詳細:ACS Sustainable Chem. Eng. 2021 (Role of Phosphorus and Iron in Particle Adhesiveness at High Temperatures Using Synthetic Ashes Genki Horiguchi, Masahiro Ito, Atsuki Ito, Hidehiro Kamiya, and Yohei Okada (ACS Sustainable Chem. Eng. 2021)
今後の展開 Future development
複雑で詳細が不明だった粒子の高温付着性について、本研究結果を含めた我々の成果により体系的な理解が進んでいます。得られた知見を基に、付着性をあらかじめ予測する手法や、多様な燃料由来の灰の付着を適切に制御できる技術を開発し、産業界に貢献していくことを目標としています。

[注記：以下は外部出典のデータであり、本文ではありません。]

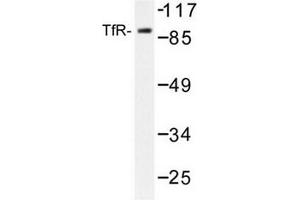 Image no. 2 for anti-Transferrin Receptor (p90, CD71) (TFRC) antibody (ABIN272097) (Transferrin Receptor 抗体)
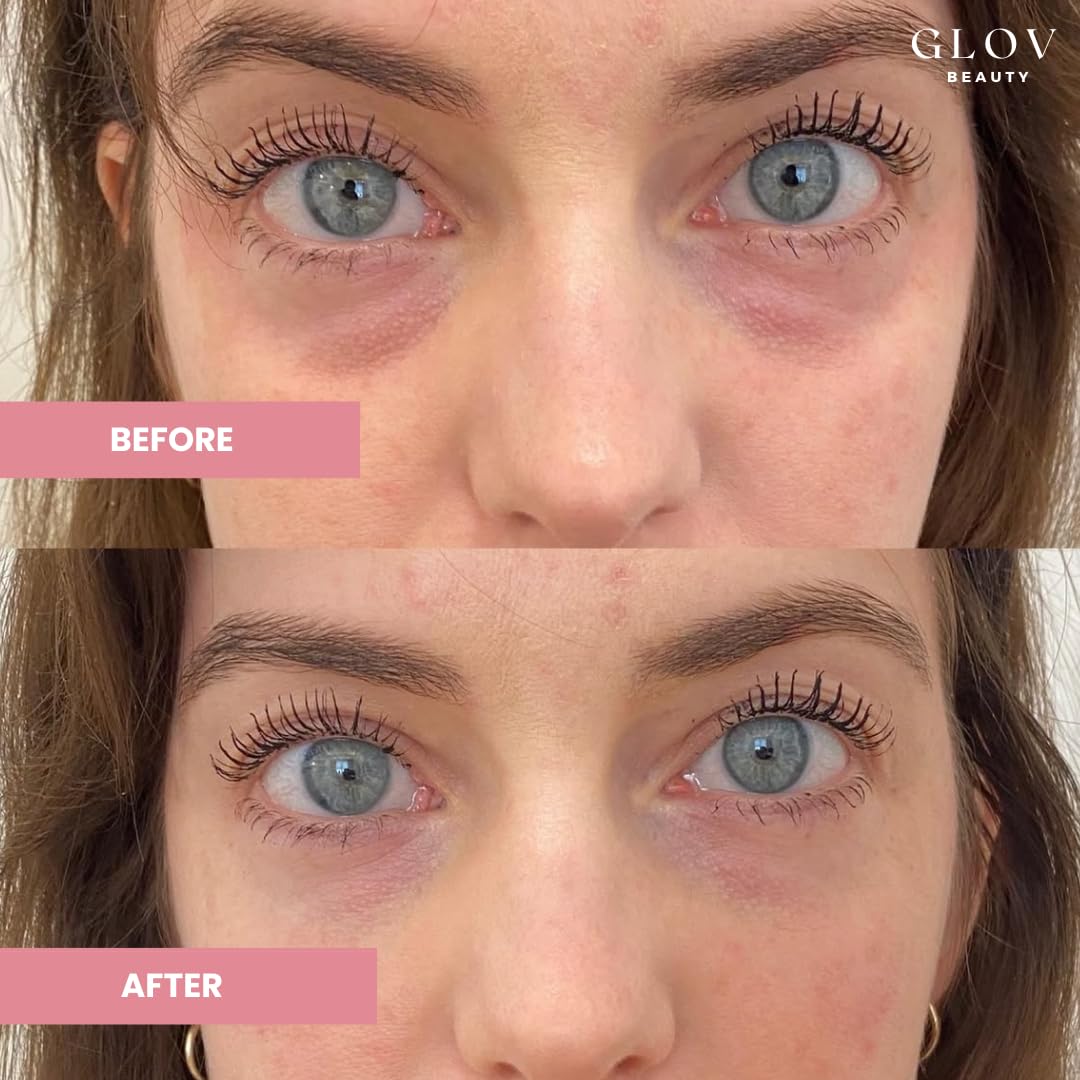 Glov Beauty - Hydrate & Brighten Eye Cream - Anti-Aging Under Eye Cream for Dark Circles, Wrinkles & Puffiness - With Retinyl Palmitate, Sodium Hyaluronate & Niacinamide - All Skin Types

The high temperature adhesiveness of particles, which was complicated and unknown in detail, has been systematically understood based on the findings of this study and other results. Based on the knowledge obtained, the goal is to contribute to the industry by developing methods to predict adhesion in advance and technologies to appropriately control the adhesion of ash derived from various fuels.